Yes/No で答える能力

 昔、後輩に仕事を教えていたときのことを思い出した。とても反省していることがある。それは、何でもかんでも改善しろと指摘したことだ。少しでも目につくことがあれば小言を言っていた。特によく言ったのは「それは僕の知りたいことじゃない」というセリフだ。

 たとえば、毎日の進捗報告で「頼んだ仕事はできましたか?」と尋ねる。その時、後輩は「○○がわからなくて、調べていました。△△というライブラリを使えばそれができそうだと思ったので、それを使おうとしています」みたいに答える。僕はそういうときに「それは僕の知りたいことじゃないです」と突き放した。もっと言うなら「頼んだ仕事、できてませんよね?」とわざわざ屈辱を与えるような聞き方をした。

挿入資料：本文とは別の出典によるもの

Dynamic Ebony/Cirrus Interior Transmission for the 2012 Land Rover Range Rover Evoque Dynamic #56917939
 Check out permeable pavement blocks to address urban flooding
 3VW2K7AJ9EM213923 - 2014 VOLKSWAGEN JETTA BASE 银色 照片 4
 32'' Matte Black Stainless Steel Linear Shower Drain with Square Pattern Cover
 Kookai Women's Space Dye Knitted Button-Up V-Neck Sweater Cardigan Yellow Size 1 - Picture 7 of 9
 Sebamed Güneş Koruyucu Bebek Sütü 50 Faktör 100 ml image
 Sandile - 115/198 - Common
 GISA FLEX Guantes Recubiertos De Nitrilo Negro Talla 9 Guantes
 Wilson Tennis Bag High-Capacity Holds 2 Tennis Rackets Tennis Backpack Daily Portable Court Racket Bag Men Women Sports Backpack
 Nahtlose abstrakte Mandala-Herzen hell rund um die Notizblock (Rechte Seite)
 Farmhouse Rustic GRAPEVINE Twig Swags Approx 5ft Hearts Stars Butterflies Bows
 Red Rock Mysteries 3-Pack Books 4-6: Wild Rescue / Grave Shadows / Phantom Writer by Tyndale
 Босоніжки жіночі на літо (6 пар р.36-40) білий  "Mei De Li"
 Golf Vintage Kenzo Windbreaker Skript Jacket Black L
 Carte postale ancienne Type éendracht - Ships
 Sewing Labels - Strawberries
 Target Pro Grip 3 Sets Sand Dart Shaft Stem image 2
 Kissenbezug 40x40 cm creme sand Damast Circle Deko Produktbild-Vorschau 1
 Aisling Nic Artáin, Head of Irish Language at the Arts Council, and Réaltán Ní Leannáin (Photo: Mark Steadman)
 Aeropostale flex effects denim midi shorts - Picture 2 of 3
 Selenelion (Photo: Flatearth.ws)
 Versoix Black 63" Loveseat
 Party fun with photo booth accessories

 その時、言いたかったことは「最初の質問に Yes か No で答えてくれ。問に対して的確に答える癖をつけてくれ」ということだ。それなのに、棘のある言い方をしてしまったのは本当に反省している。「手順を踏んで話すということを身に着けてないことを恥じなさい。猛省して努力しなさい」とでも考えていたのだと思う。今考えると、何様のつもりだという気になる。

 僕はワガママなことに、当時「正しければどんなことでも言ってよいし、言うべきである」という考え方を抱いていた。レジスタンスのように、正しくないことを批判するのは格好良いと思っていた。自分では、信念をもって動いているつもりだったが、傍から見れば、空気を読まない迷惑な男だったろう。

 当時僕は「Yes か No で答えるということは初歩的なことであり、仕事をする上で必須の能力だ」と思っていた。けれど、実際にはそんなことはない。自分の両親はふたりとも、質問に対して Yes か No で答える能力は持っていないし、仕事のできる人でもそれができない人はいる。そう、Yes か No で答えるという能力は、初歩的でもないし、仕事をする上で必須の能力でもなかったのだ。

 Yes か No で答える能力があれば、スムーズに議論が進む。なければどうなるか。議論は少し混乱しながら進む。けれど、質問者が問いかけを増やせばカバーできる。たとえば上に書いた後輩との会話では「念の為一度確認しておきたいんですが、頼んだ仕事はまだ途中で終わっていないということですよね?」と確認をすればよかった。

 そもそも初歩的かどうか、仕事をする上で必須かどうか、ということを差し置いても、できていないことを詰る必要はなかった。「実は Yes/No で答える能力というのがあって、これがあると一目置かれる人になれるよ」と教えてあげるだけでよかった。そう思って反省している。